WHAT TO PRODUCE »
From the first line of the listing to the last, set down everything exactly, but skip the images.

GIVEN DATA »
• • •

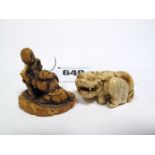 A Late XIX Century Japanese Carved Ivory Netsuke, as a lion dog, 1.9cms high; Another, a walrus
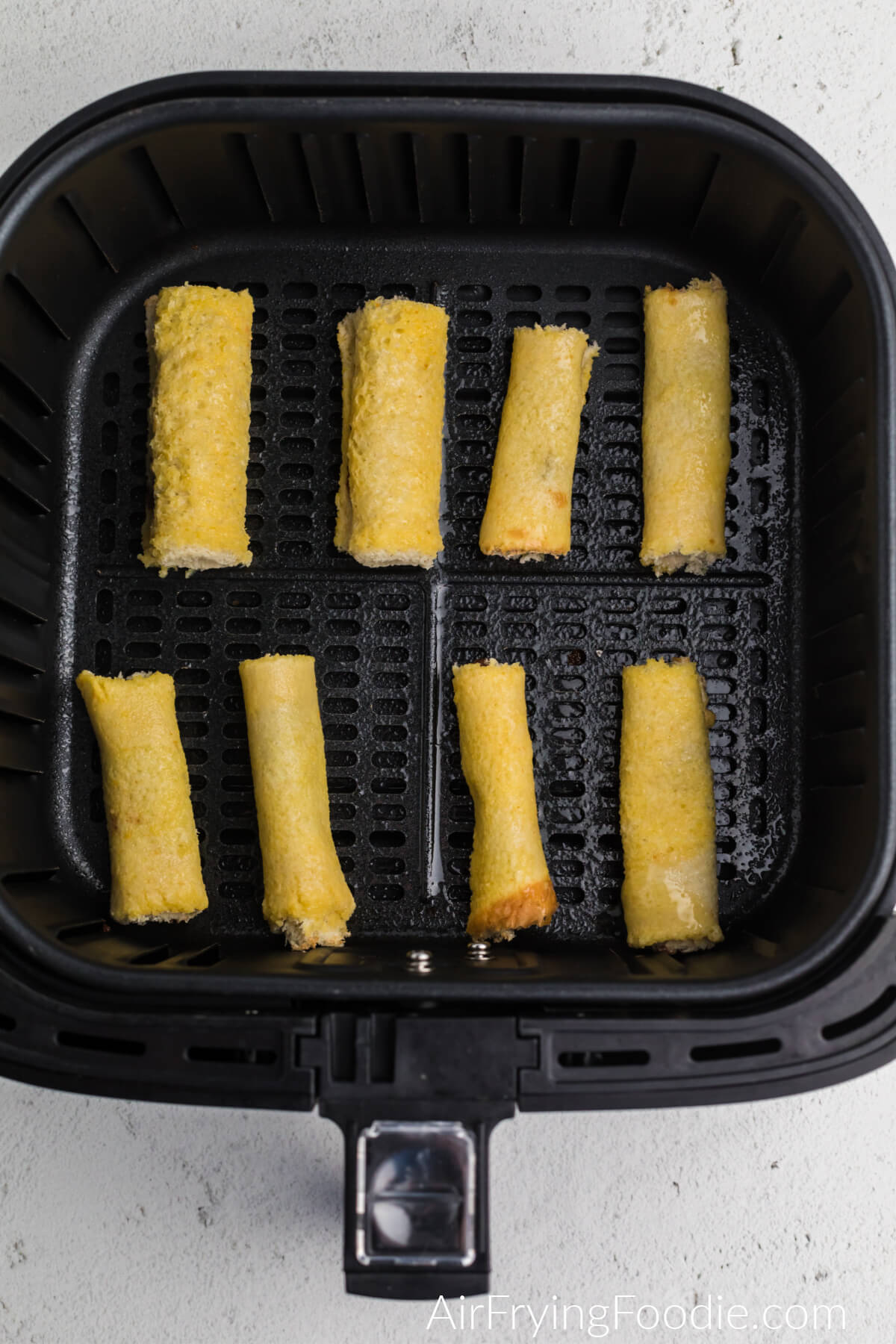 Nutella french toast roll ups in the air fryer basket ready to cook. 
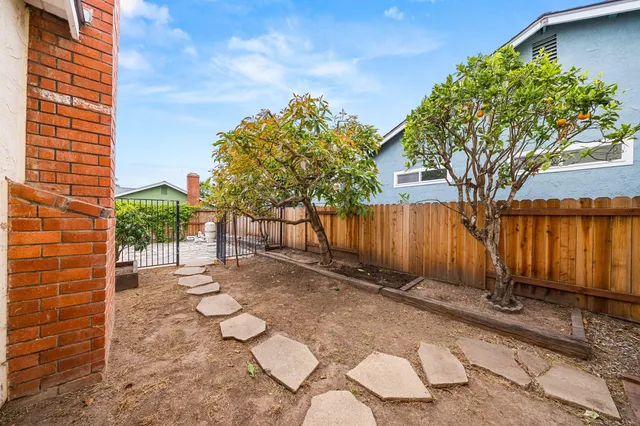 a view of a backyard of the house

• • •

COMPLETED EXERCISE »
 A Late XIX Century Japanese Carved Ivory Netsuke, as a lion dog, 1.9cms high; Another, a walrus
 Nutella french toast roll ups in the air fryer basket ready to cook. 
 a view of a backyard of the house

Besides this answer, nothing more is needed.